** Task objective **
Begin at the line containing "Yamaha XS650 1978" in the records below, end at the line containing "78 Kurahaupo Street, Orakei, Auckland", and retype each line in that span exactly. No other line and no image should appear.
#####
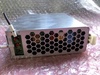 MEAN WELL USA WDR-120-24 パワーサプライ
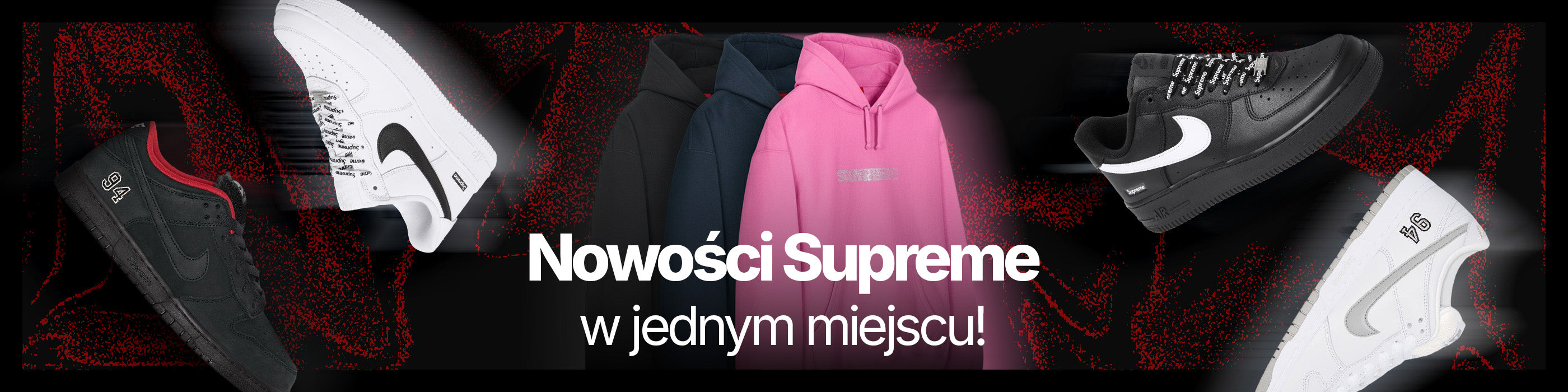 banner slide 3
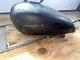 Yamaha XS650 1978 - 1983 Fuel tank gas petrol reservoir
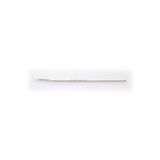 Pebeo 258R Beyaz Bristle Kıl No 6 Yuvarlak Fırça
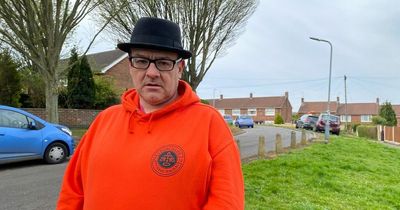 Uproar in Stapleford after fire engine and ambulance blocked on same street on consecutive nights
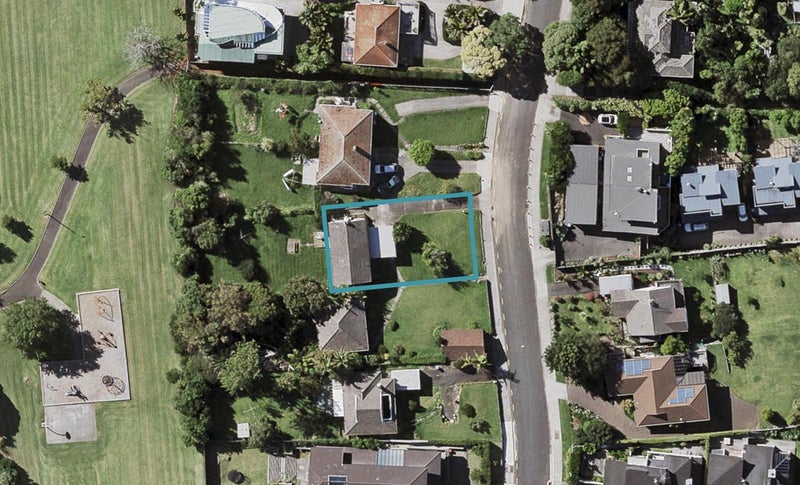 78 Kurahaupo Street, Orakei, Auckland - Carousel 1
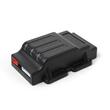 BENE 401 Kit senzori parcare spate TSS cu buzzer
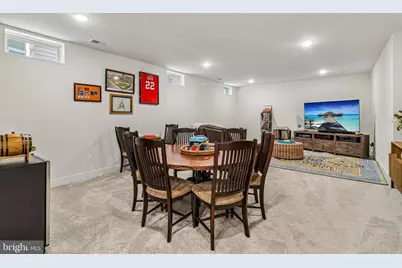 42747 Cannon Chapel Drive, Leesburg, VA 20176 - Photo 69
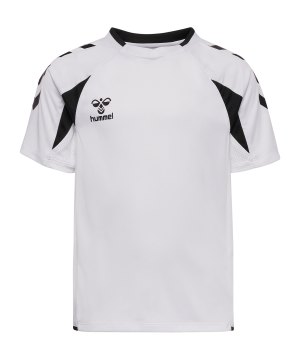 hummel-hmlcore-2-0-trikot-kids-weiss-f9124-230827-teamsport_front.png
#####
** Worked solution **
 Yamaha XS650 1978 - 1983 Fuel tank gas petrol reservoir
 Pebeo 258R Beyaz Bristle Kıl No 6 Yuvarlak Fırça
 Uproar in Stapleford after fire engine and ambulance blocked on same street on consecutive nights
 78 Kurahaupo Street, Orakei, Auckland - Carousel 1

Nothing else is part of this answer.